In the ’80s, little girls sent SLAMs with their bubble-gum-scented Lisa Frank stationery letters. Remember those? Handmade questionnaires you filled out, then passed along. Once full, they were mailed back to the original maker, and voila! You had a dozen new friends from all over the world.
There are plenty of fun things you can still mail, without even bothering with the packaging. Believe it or not, the post office allows you to affix postage to:
- coconuts (they’re considered a “self-contained unit”)
- a potato (because, well, it’s Idaho!)
- a flip-flop (but you should probably send two)
- a box of candy that is less than 13 oz.
- a sombrero
- a lime (to go with the above sombrero)
- a rock or brick (though we don’t know why you’d want to)
- an inflated beach ball
- a piñata (Fill it with candy first. Best. Birthday. Invite. Ever.)

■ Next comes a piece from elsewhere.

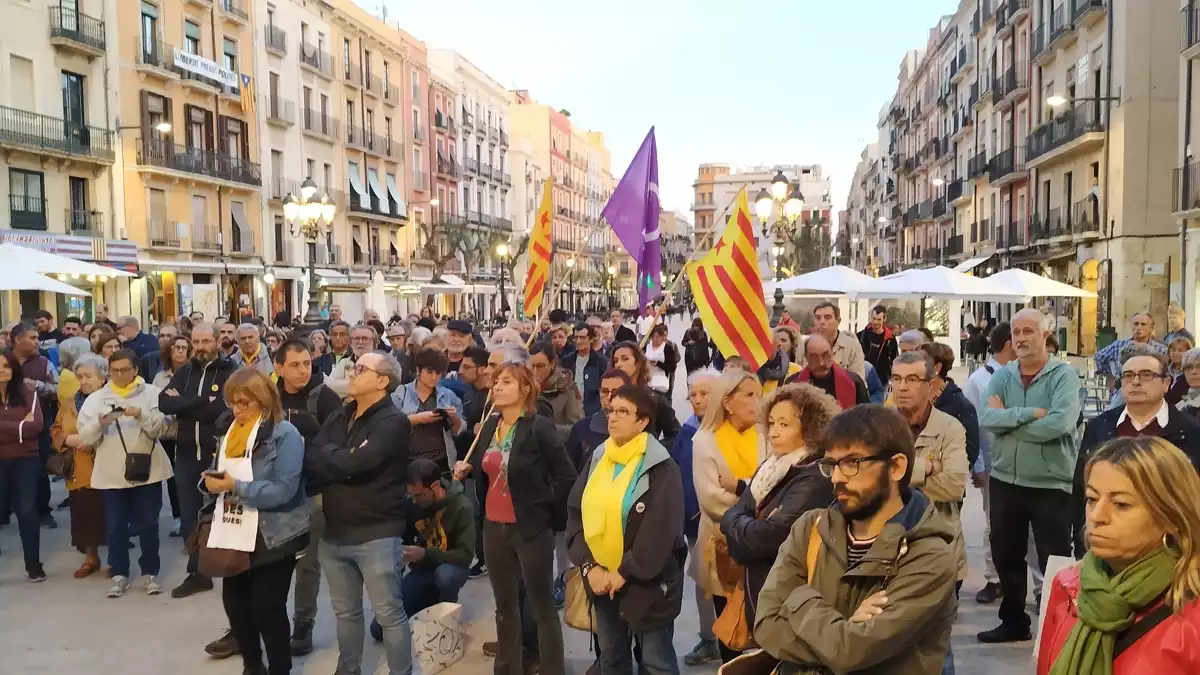 Imatge de la concentració, a la plaça de la Font de Tarragona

- plastic water bottles filled with treats
- a Frisbee
- plastic Easter eggs
But did you know back in the day, as they say, you could even mail your children?? Don’t get too excited, Mommies, it was a short-lived period in history. I guess (we grudgingly admit) it’s not the safest way for little Junior to travel, even if you find yourself tempted after he shaves the dog, smears peanut butter all over his bedspread, and/or pours your salon-brand shampoo down the tub.
According to the Smithsonian Institute, ‘Just a few weeks after Parcel Post began, an Ohio couple named Jesse and Mathilda Beagle “mailed” their 8-month-old son, James, to his grandmother, who lived just a few miles away in Batavia. According to Lynch, Baby James was just shy of the 11-pound weight limit for packages sent via Parcel Post, and his “delivery” cost his parents only 15 cents in postage (although they did insure him for $50). The quirky story soon made newspapers, and for the next several years, similar stories would occasionally surface as other parents followed suit.’

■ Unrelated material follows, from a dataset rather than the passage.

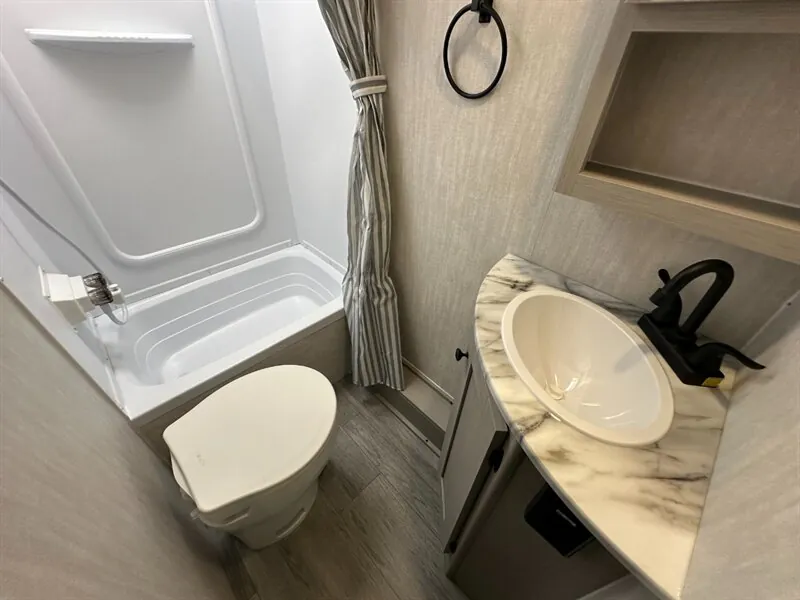 2026 Coachmen Apex Nano 186BH, Photos photo 18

There’s even a famous story of a girl named Charlotte May, in 1914. She was 4 years old, living near our neck of the woods, in Grangeville, Idaho, and her parents mailed her to Gramma, who lived about 73 miles away. With a 53-cent stamp attached to the back of her coat, the good-natured postal clerk wrote her down as “poultry post,” and joked that she was the biggest chick on record. When asked why the odd mode of transportation, the mother replied, “It was cheaper than a train ticket.”
Someone even wrote a book about Charlotte’s trip (she made it safely), and you can find it here. Perfect for the grandchildren in your life, the whole book is made to look like a suitcase that you unfold to read, with the title being framed in postage stamps. Just make sure your little chickadees don’t get any ideas to mail themselves to you!

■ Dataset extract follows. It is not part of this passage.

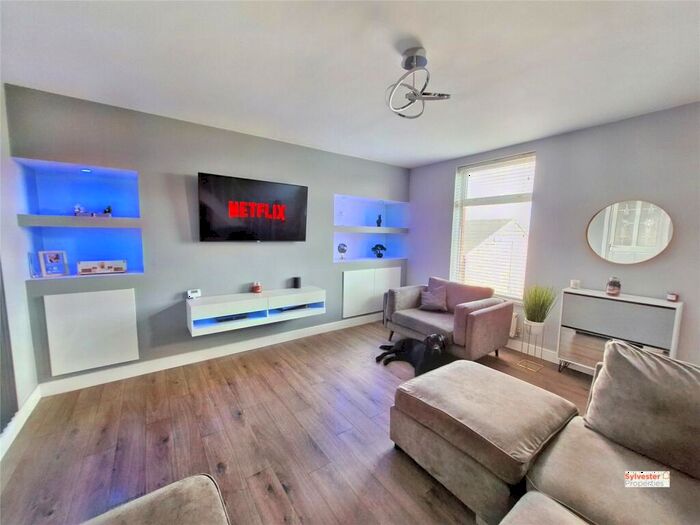 2 Bedroom End Of Terrace House For Sale In Institute Terrace East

Maybe we just like our mail in Idaho, because here’s another nostalgic photo, taken this time in Fruitland. Are these little ones checking the mailbox for a letter, a package, or perhaps a returning sibling?
And let’s not forget how our humble mail service began here in the States. The Pony Express is an intriguing bit of history we can’t set aside, no matter how much we love our e-mail and smart phones. A difficult and dangerous job, the original advertisement looking for Pony Express Riders read like this: “St. Joseph, Missouri, to California in 10 days or less! WANTED: Young, skinny, wiry fellows. NOT over 18. Must be expert riders, willing to risk death daily. ORPHANS PREFERRED.”